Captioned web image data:
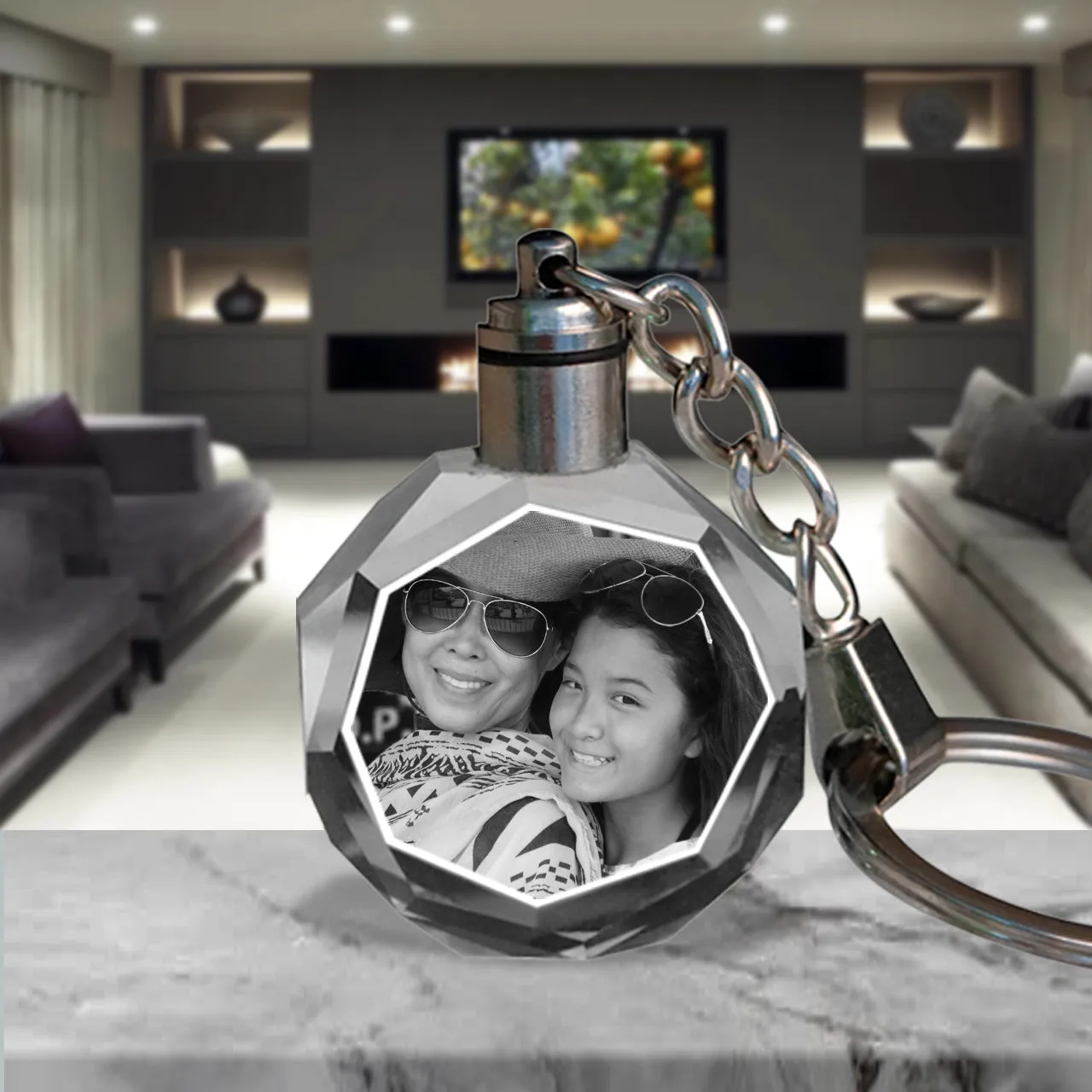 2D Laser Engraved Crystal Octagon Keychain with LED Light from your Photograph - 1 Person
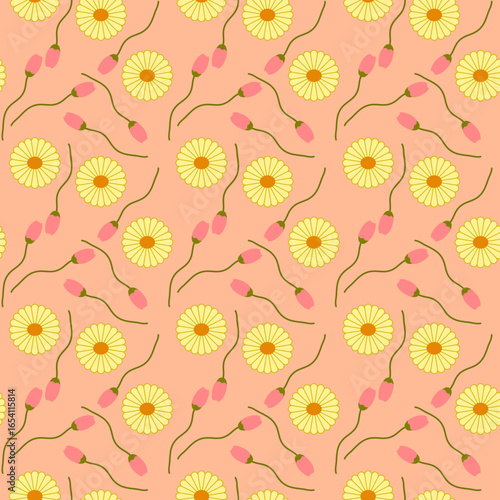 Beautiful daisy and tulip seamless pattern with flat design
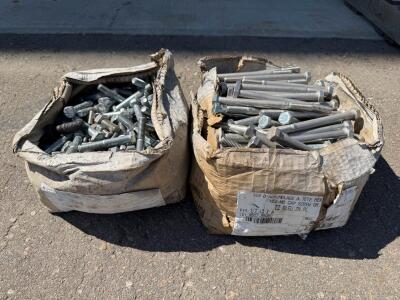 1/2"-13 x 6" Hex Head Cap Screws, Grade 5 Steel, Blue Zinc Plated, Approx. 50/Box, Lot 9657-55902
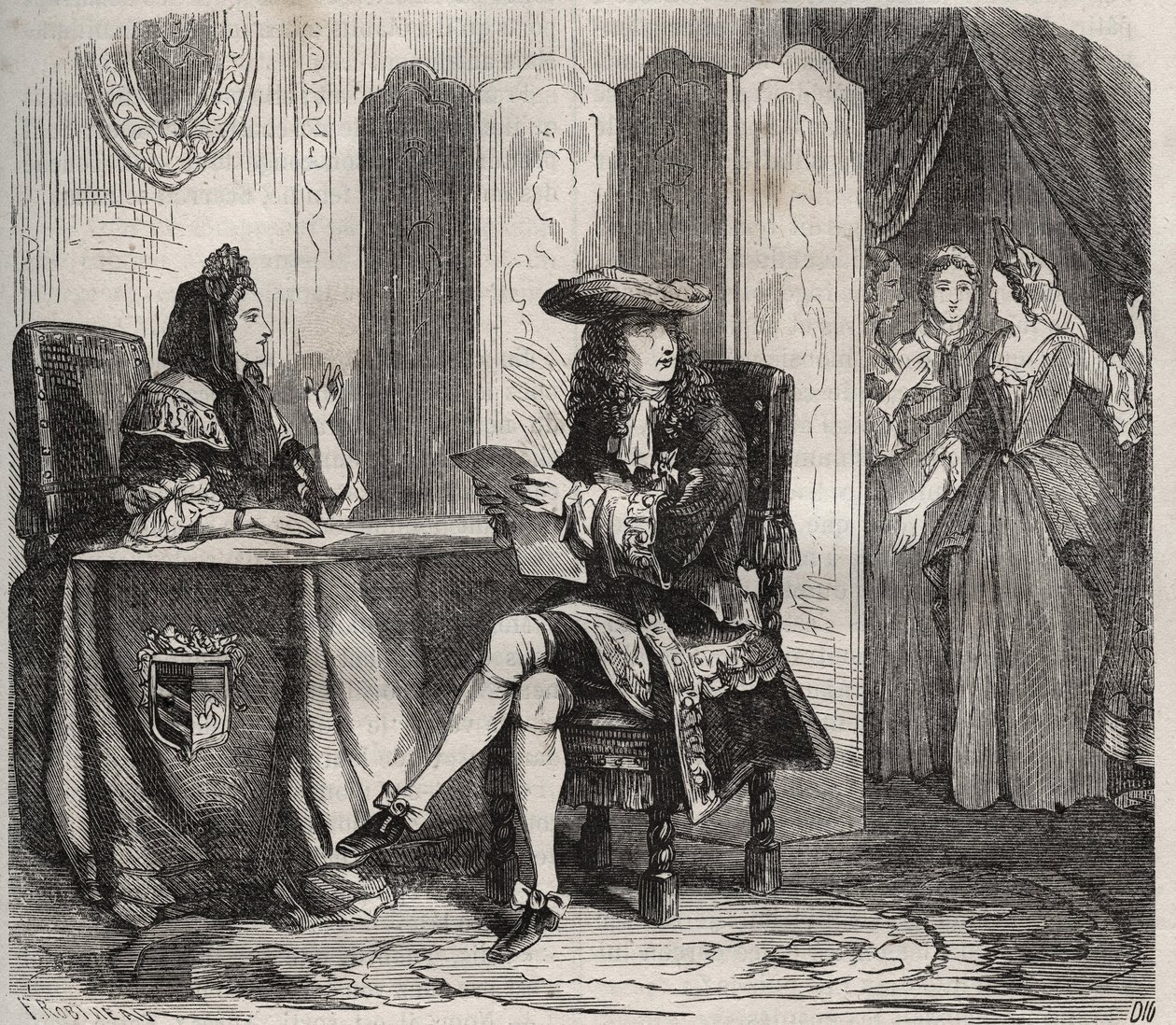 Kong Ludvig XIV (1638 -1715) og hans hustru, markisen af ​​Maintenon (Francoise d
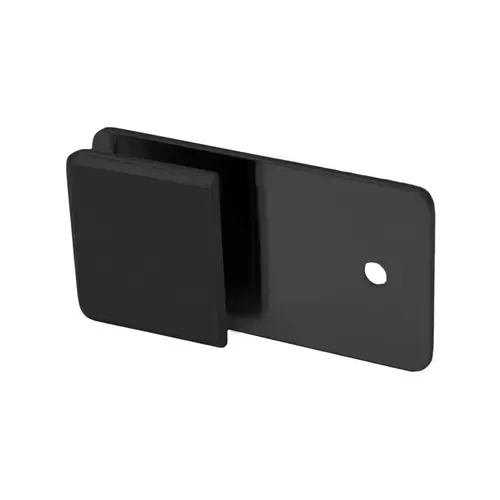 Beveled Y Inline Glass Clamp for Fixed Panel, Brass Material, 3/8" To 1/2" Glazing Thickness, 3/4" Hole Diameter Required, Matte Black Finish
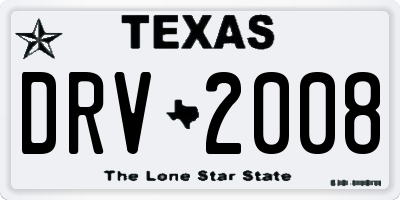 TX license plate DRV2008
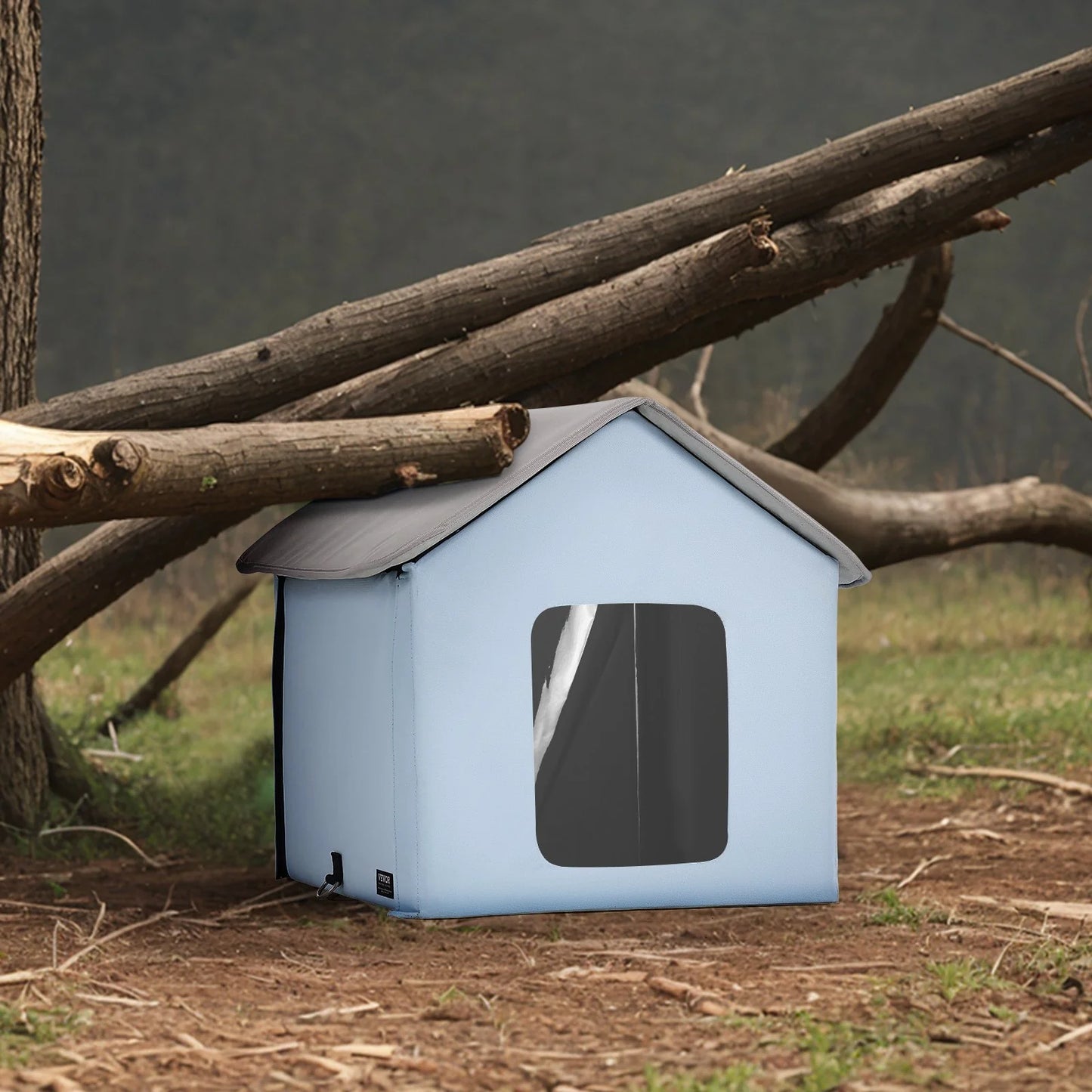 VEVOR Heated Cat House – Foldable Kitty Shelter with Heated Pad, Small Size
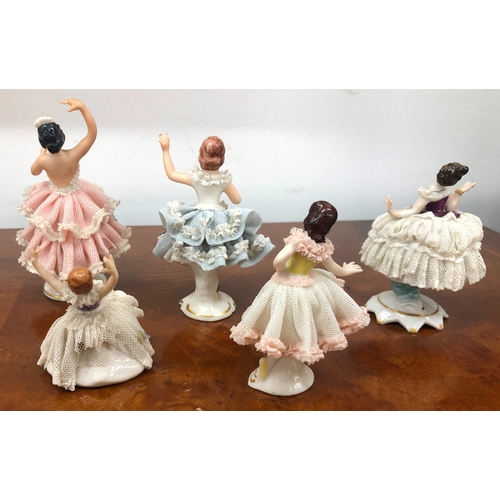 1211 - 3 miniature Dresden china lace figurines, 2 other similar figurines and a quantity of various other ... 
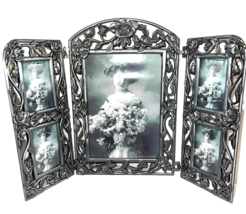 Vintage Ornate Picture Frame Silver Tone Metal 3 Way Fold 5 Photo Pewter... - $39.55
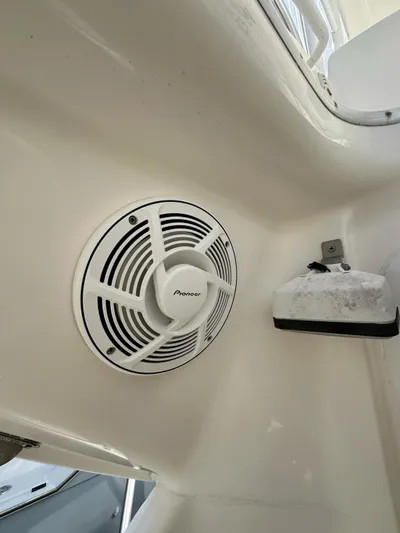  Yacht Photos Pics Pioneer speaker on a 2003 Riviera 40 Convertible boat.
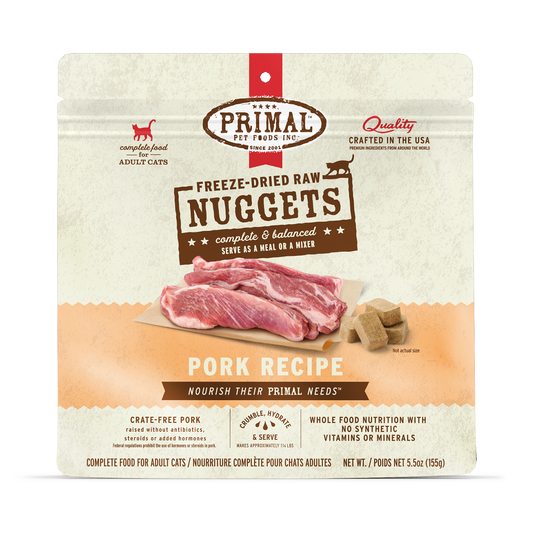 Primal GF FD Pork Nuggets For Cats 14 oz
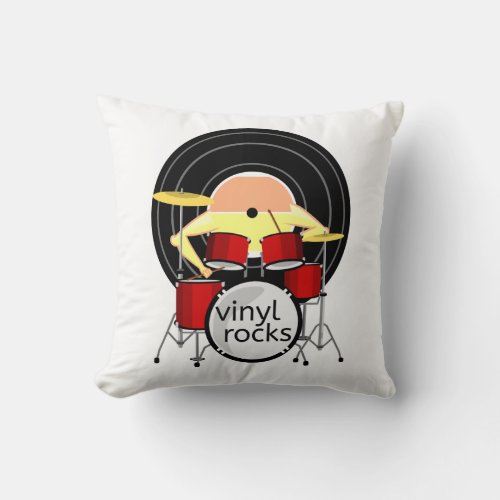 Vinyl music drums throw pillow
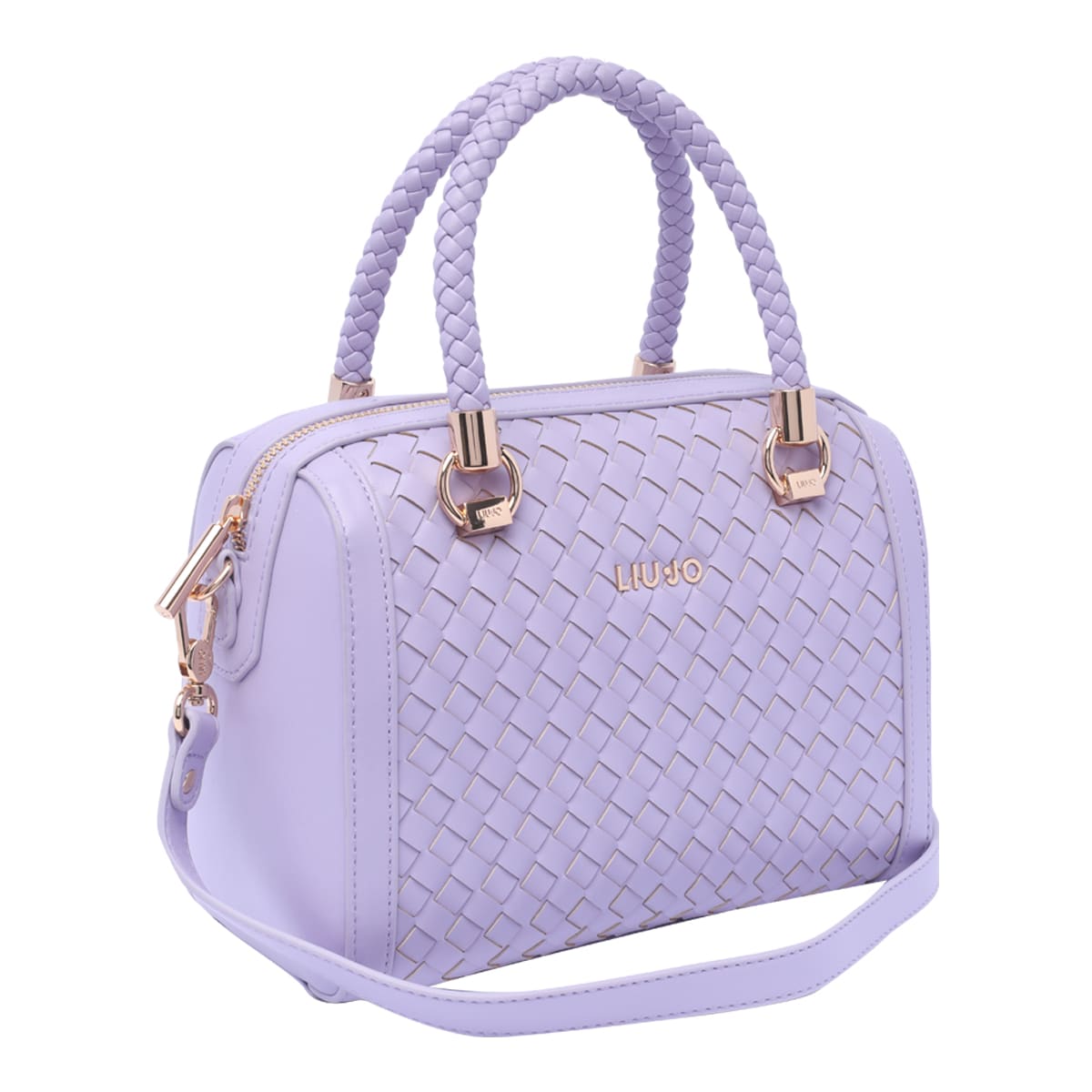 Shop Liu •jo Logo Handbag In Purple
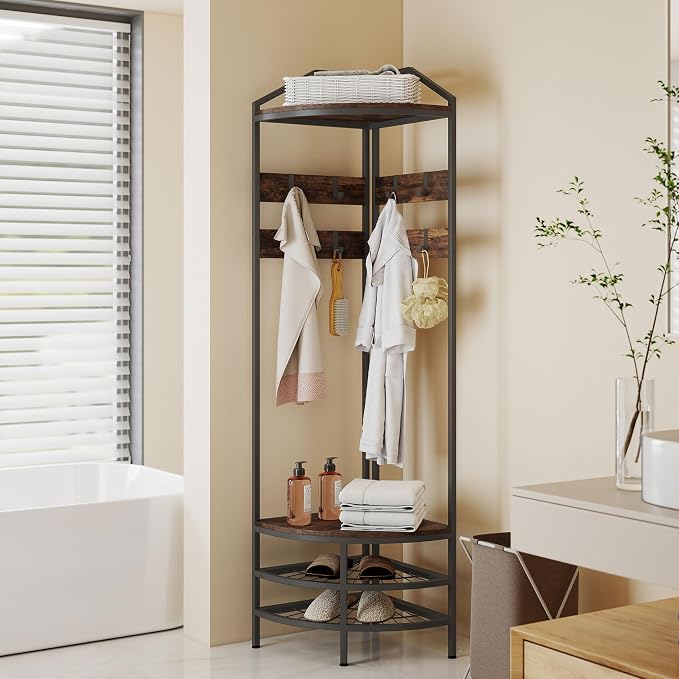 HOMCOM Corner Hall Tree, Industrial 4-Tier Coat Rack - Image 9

### Task instructions:
Set every record down exactly, omitting pictures.

### Problem solution:
 2D Laser Engraved Crystal Octagon Keychain with LED Light from your Photograph - 1 Person
 Beautiful daisy and tulip seamless pattern with flat design
 1/2"-13 x 6" Hex Head Cap Screws, Grade 5 Steel, Blue Zinc Plated, Approx. 50/Box, Lot 9657-55902
 Kong Ludvig XIV (1638 -1715) og hans hustru, markisen af ​​Maintenon (Francoise d
 Beveled Y Inline Glass Clamp for Fixed Panel, Brass Material, 3/8" To 1/2" Glazing Thickness, 3/4" Hole Diameter Required, Matte Black Finish
 TX license plate DRV2008
 VEVOR Heated Cat House – Foldable Kitty Shelter with Heated Pad, Small Size
 1211 - 3 miniature Dresden china lace figurines, 2 other similar figurines and a quantity of various other ... 
 Vintage Ornate Picture Frame Silver Tone Metal 3 Way Fold 5 Photo Pewter... - $39.55
  Yacht Photos Pics Pioneer speaker on a 2003 Riviera 40 Convertible boat.
 Primal GF FD Pork Nuggets For Cats 14 oz
 Vinyl music drums throw pillow
 Shop Liu •jo Logo Handbag In Purple
 HOMCOM Corner Hall Tree, Industrial 4-Tier Coat Rack - Image 9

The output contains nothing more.